Kays said the software used to calculate the credits is scheduled to be in production by June 1. He said historical data will be available for stakeholder review in time for the MOPC’s October meeting.
SPP will review stakeholders’ data with them in late May. Kays said staff will walk through the calculations and demonstrate the software is performing correctly.
Stakeholders will be exposed to confidential data, which will require signing nondisclosure agreements. Staff assured members the NDAs would not preclude their ability to communicate with FERC.
Market Working Group Gives Updates on Revision Requests
The committee approved a Market Working Group revision request to clean up the Tariff’s out-of-merit-energy (OOME) language (RR 145) while remanding a second back to the working group for additional work (RR 154).

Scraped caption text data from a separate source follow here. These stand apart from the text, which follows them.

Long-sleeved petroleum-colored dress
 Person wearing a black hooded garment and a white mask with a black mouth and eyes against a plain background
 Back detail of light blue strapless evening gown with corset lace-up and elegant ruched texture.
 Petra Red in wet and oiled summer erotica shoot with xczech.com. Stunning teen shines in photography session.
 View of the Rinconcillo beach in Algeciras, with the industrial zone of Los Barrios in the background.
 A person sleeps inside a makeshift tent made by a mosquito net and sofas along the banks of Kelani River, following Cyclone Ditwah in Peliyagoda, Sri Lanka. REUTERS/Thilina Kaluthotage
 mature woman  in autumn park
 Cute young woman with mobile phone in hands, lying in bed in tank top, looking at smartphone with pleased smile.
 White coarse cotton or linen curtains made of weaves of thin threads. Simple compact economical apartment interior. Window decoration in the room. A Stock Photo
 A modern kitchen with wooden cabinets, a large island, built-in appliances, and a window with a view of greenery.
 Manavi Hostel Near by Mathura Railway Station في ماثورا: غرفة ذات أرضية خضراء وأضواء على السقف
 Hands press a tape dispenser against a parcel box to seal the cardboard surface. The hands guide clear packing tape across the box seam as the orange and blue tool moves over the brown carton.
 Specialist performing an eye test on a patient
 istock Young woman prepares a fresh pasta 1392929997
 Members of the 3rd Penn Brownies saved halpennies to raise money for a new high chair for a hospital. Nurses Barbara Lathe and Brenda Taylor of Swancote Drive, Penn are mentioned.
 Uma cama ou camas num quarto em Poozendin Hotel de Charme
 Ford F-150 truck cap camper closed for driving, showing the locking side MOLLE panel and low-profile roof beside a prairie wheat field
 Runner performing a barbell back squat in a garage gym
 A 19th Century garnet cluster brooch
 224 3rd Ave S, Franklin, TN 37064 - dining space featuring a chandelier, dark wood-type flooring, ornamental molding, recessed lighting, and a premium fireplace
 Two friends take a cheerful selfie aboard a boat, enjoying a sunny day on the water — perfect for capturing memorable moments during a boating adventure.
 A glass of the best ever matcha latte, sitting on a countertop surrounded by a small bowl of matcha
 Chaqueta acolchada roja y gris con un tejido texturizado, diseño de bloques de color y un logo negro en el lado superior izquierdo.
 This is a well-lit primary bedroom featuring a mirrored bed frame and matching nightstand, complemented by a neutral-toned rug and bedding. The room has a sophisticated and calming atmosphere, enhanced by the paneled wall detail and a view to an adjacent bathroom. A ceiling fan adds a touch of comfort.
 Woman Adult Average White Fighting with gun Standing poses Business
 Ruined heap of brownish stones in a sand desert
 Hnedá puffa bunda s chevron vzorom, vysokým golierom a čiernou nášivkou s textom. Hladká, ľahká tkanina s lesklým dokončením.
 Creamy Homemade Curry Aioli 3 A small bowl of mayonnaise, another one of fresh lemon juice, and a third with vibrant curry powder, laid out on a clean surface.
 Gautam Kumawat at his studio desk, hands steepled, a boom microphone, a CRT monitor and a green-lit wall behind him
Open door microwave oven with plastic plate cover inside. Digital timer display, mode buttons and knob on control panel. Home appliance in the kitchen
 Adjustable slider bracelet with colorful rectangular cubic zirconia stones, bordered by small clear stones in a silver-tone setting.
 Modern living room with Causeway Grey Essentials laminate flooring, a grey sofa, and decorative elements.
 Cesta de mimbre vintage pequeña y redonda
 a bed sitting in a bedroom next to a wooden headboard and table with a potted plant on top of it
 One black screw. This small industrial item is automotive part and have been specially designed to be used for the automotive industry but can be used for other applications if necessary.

RR 145 is intended to correct dispatch and set point instructions for variable energy resources, clarify OOME treatment for qualifying facilities and make other minor changes to the Tariff’s OOME provisions.
The second change, RR 154, would make it clear when SPP should perform a repricing of the day-ahead and real-time balancing markets. Current protocols and the Tariff allow for the repricing in the day-ahead market “for any reason at any time,” said American Electric Power’s Richard Ross, the MWG’s chair.
Ross also:
Updated the committee on its work regarding the SPP Market Monitoring Unit’s nine suggested improvements to the market design. (See “Market Working Group Addressing Monitor’s Recommendations,” SPP Board of Directors/Members Committee Briefs.) Two of the nine recommendations — minimizing the over-allocation of transmission congestion rights and auction revenue rights in the day-ahead market, and improved reporting on planned outages — are complete, Ross said. A final report is expected to be presented at the July MOPC and board meetings.
Briefed the committee on the MWG’s Price Formation Task Force, which was created to “identify concerns with current pricing methodologies” and propose solutions. The task force is currently analyzing feedback gathered from the MOPC and the MWG.
Told the committee that estimated costs for Integrated Marketplace RRs since September 2013 have surpassed $11 million. He said nine of the 10 RRs will be implemented this year and next.
SPP Pondering ‘One-Offs’ as Potential Seams Projects
SPP Principal Regulatory Analyst Sam Loudenslager brought the committee up to date on the RTO’s effort to create a new class of seams transmission projects, which was rejected by FERC in November.
SPP had proposed a new transmission category to identify projects that fall outside the Order 1000 interregional planning process or may not be eligible for cost allocation. FERC rejected it, saying the plan was too broadly drawn (ER15-2705). (See FERC Rejects SPP Proposal for Seams Transmission Projects.)
The RTO’s staff has been seeking further direction from FERC to determine whether to make another filing. Loudenslager said his recent conversations with FERC staff indicated “they didn’t think we could present a filing that would pass their legal concerns.”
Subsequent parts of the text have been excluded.